A bad fit frustrates the client. This frustration can create tensions and delays in the creative process that might result in a project that unfinished, poor quality, or more costly than expected. That bad experience might also result in the client seeking creative services elsewhere. The designer-client relationship ends…sometimes permanently. Just like clients make cost-benefits analyses to best position their businesses for success, designers should do the same.

The Importance of Managing Client Expectations

The habit of never saying “no” can appear admirable but backfire in practice. Evaluate business opportunities and relationships for the best fit. A “no” doesn’t have to be permanent or far reaching. Saying “no” might be simply:

  • declining an unreasonable edit,
  • honoring an original agreement,
  • passing on one particular project, or
  • delegating a task to another expert.

Sometimes, the best fit means referring the client to another designer or agency that better fits their needs. As a helpful resource, Brent Galloway at Millo.co offers a polite letter which addresses mutual interest, or lack thereof, in “When and How to Turn Down a Project That’s Not For You.”
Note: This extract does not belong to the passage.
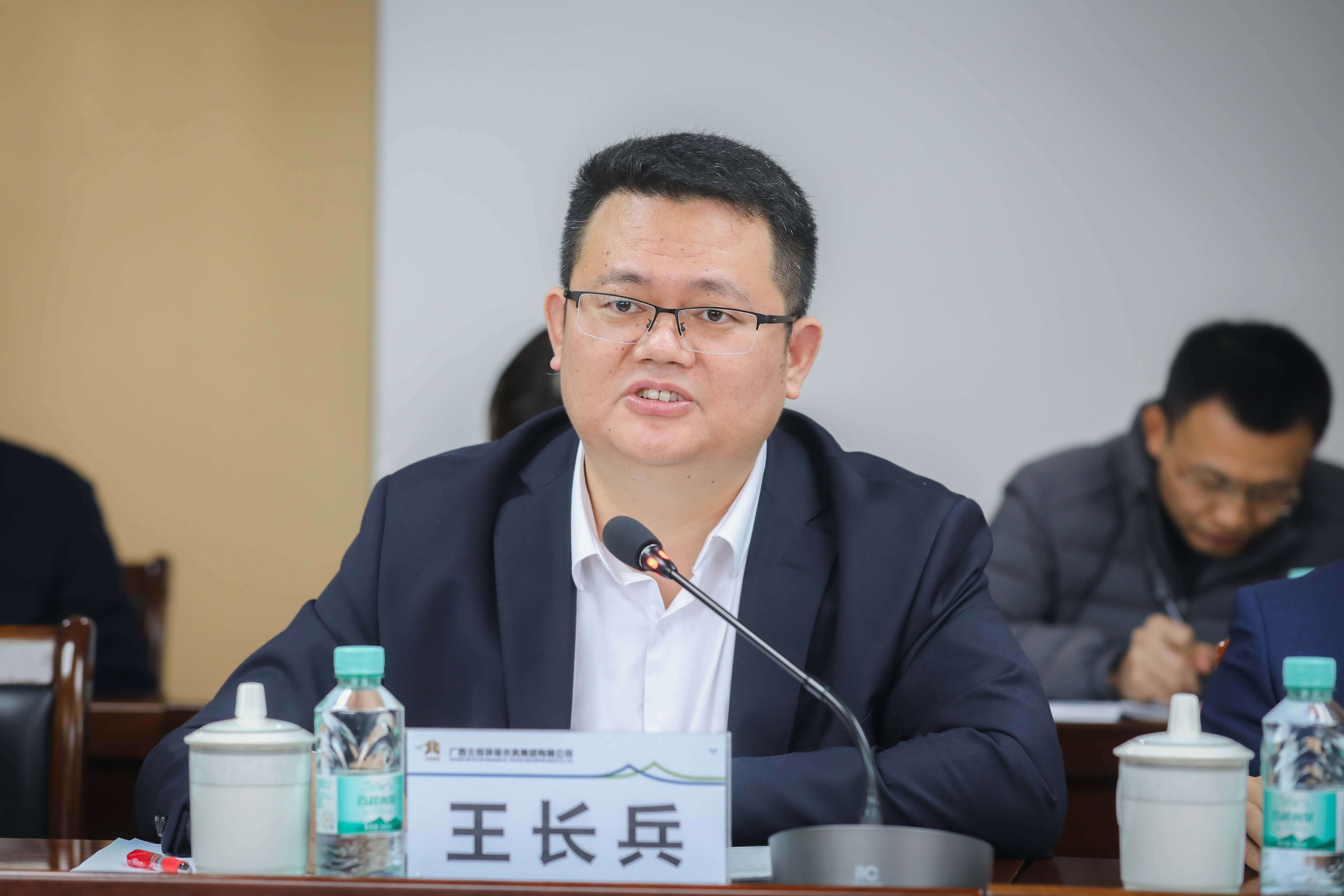 王長兵-1_副本 王長兵-1_副本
Nonetheless, now the client has a deeper understanding of your business and confidence in your primary creative services. Leaving a positive, lasting impression with a client allows for a long-lasting, mutually beneficial relationship.

In conclusion, client management requires navigating the daily “yes” and “no” to client requests. Nonetheless, “no” doesn’t always result in a negative experience. Manage client expectations and guide them towards the best fit.